#### [Input data]
::::::

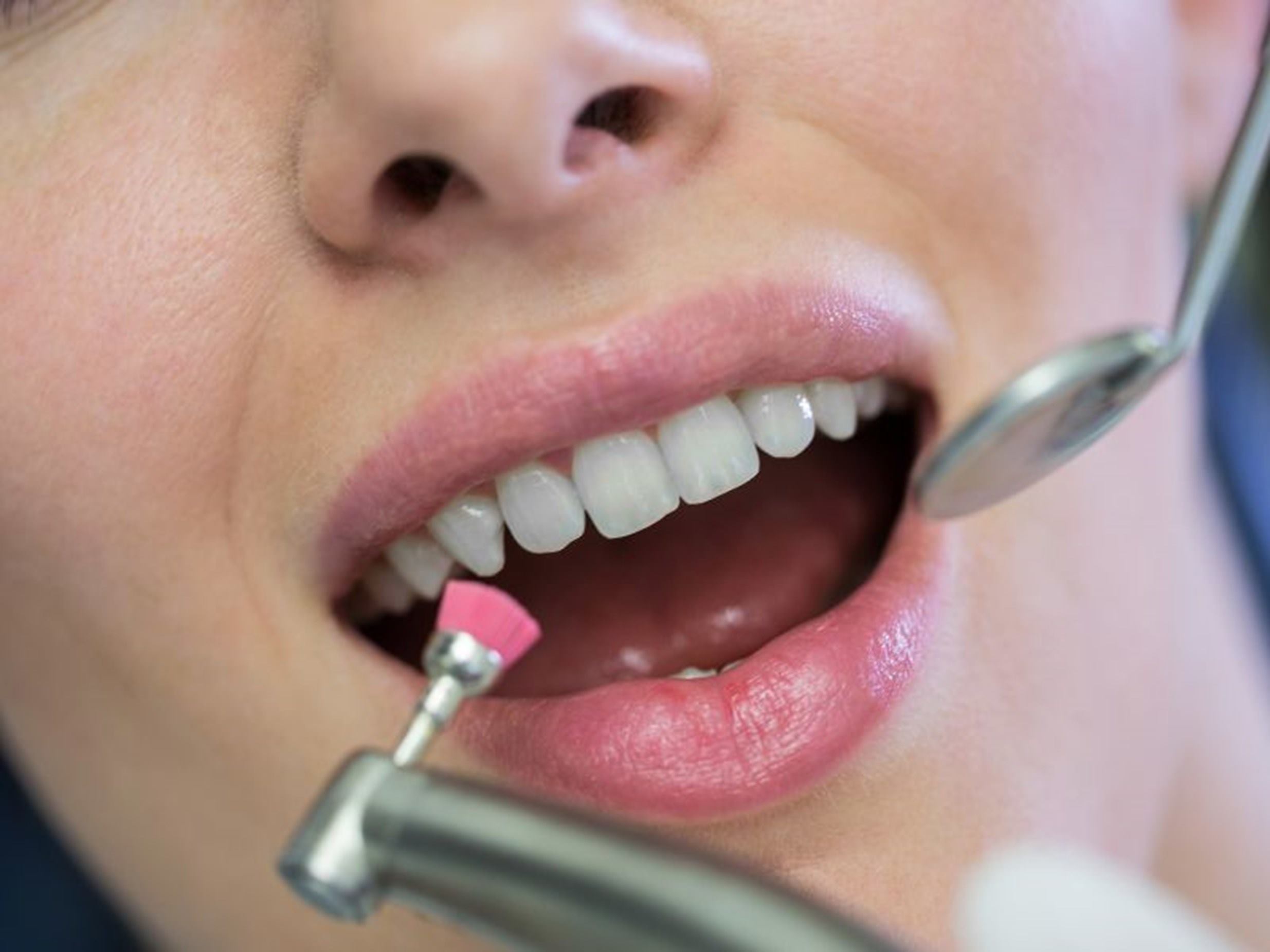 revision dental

::::::

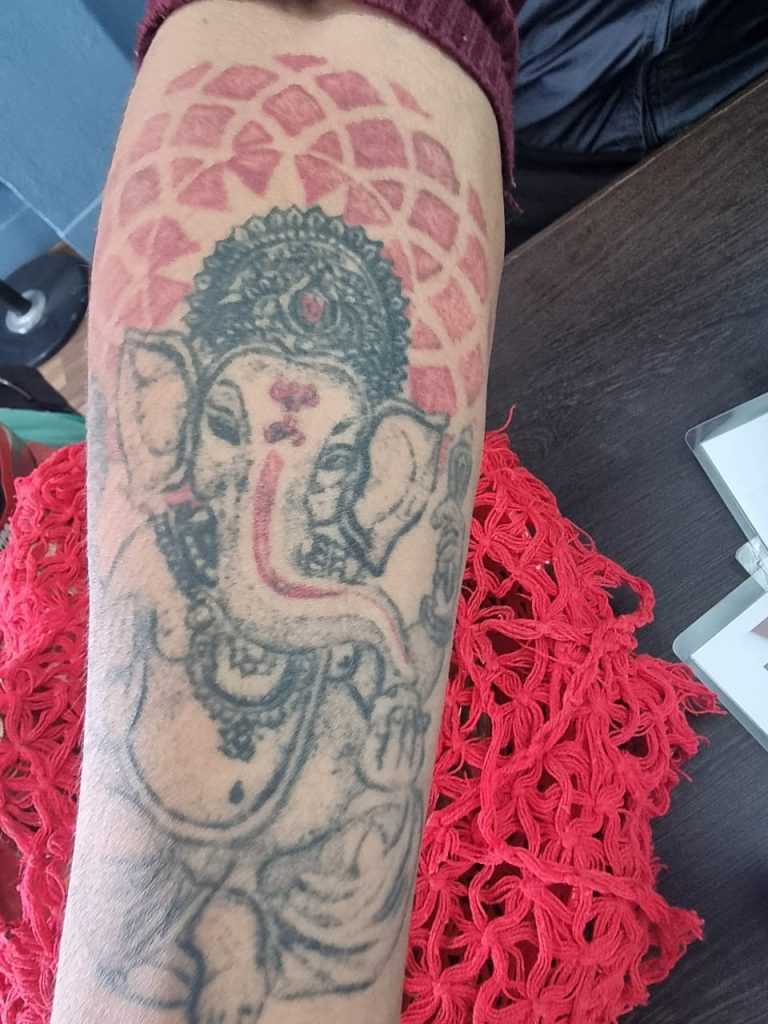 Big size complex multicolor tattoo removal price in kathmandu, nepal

::::::

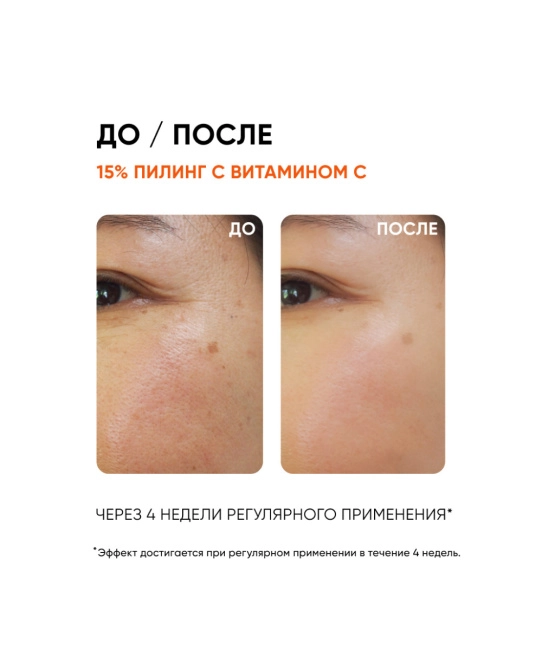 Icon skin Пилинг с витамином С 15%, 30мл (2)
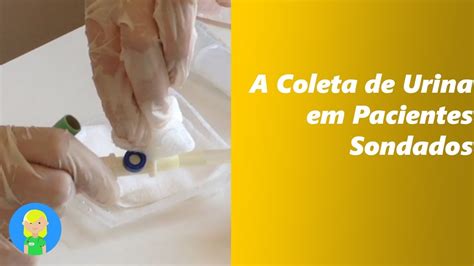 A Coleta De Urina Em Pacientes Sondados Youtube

::::::

#### [The task]
Copy out exactly the lines above beginning with the line that contains "Icon skin Пилинг с витамином С 15%, 30мл (2)" and finishing with the line that contains "A Coleta De", including both; leave the pictures out.

#### [Task answer]
 Icon skin Пилинг с витамином С 15%, 30мл (2)
 A Coleta De Urina Em Pacientes Sondados Youtube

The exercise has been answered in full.